Simple page scraper function. Repeatedly collects data from a single target address, and stores the page text. Modular, uses parallel sessions to scale well to more rapid scraping on varying pages. Easily modified.

As-is, the code grabs data from an Apex Legends status page to track player selection statistics, which will be an interesting time-series dataset to test how gameplay changes and cosmetic items affect character choice.

In [None]:
import datetime as dt
import time
from requests_futures.sessions import FuturesSession
from bs4 import BeautifulSoup
from pathlib import Path

In [None]:
#SET TARGET PAGE HERE
target_address = "https://apexlegendsstatus.com/gamestats"

In [None]:
#Establish storage directory
p = Path('./stored_pages/')
p.mkdir(exist_ok=True)

In [None]:
def get_page(address):
    
    '''Parallel page grabbing. Get the page, return the 
    base content, along with a savename based on the page
    address and the time of the request.''' 
    
    #Assumes "session" is a futuressessions instance, and
    #requires one to run, i.e. "session = FuturesSession()".
    #Using above, does up to 8 parallel calls (default). 
    
    resp = session.get(address)
    
    #Pull out just the content
    pagecont = resp.result().content
    pagetext = resp.result().text
    responsetype = resp.result().status_code
    
    #Establish time scrape completed
    timestr = dt.datetime.strftime(dt.datetime.now(), '%Y%m%d_%H%M')

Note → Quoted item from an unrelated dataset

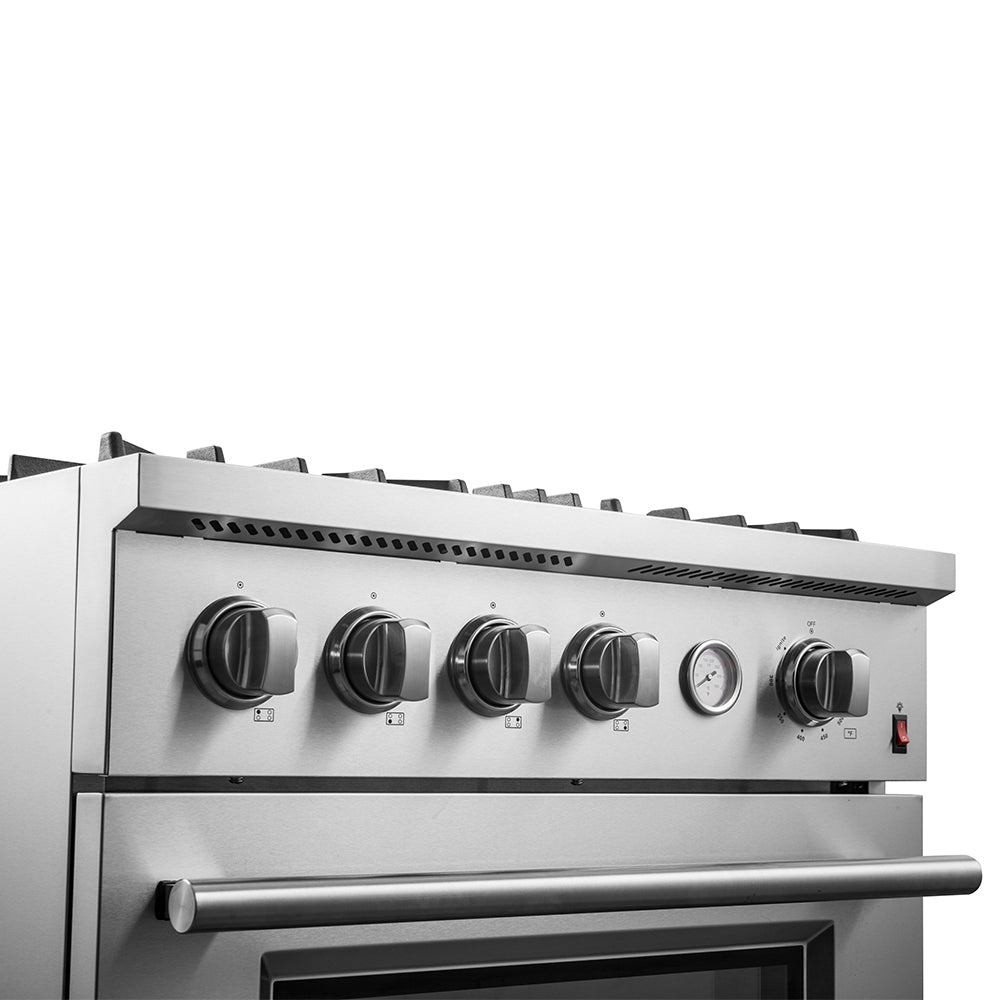 Marco 30-inch Gas Range , 4 Burners 37,000 BTU, 4.32 cu.ft. Convection Oven FFSGS627730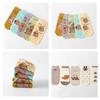 No Show Socks Cotton Low Cut Socks Funny Novelty Socks Anime Short Socks Fun Ankle Socks for Women Girls Capybara Socks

    #Basic name sanitation for save file. Add as needed.
    savename = address
    savename = savename.replace('http://','')
    savename = savename.replace('https://','')
    savename = savename.replace('/','_')
    savename = savename.replace('.','_')
    savename = savename + '_txt_' + timestr
    
    return pagecont, pagetext, savename, responsetype

In [None]:
def save_page(address):
    pagecont, pagetext, savename, responsecode = get_page(address)

    soup = BeautifulSoup(pagetext, 'html.parser')
    rawtext = soup.get_text()
    
    #Save it if it loaded properly, otherwise skip save.
    if responsecode == 200:
        with open('./stored_pages/{}.txt'.format(savename), 'wb') as fname:
            fname.write(bytes(rawtext, 'utf-8'))
        return 'Saved'
    else:
        return 'Response code {}'.format(responsecode)

In [None]:
#Repeated call: Super simple. Just call, wait 5 minutes, call, repeat.

session = FuturesSession()

for n in range(10000):
    #Probably not ideal to use try/except here, but I'm fine with some
    #data loss, only rarely fails to load. 
    try:
        stat = save_page(target_address)
        print(stat)
    except:
        print('Did not save')
    time.sleep(300)
    
#Works fine running continuously, as long as your computer doesn't sleep.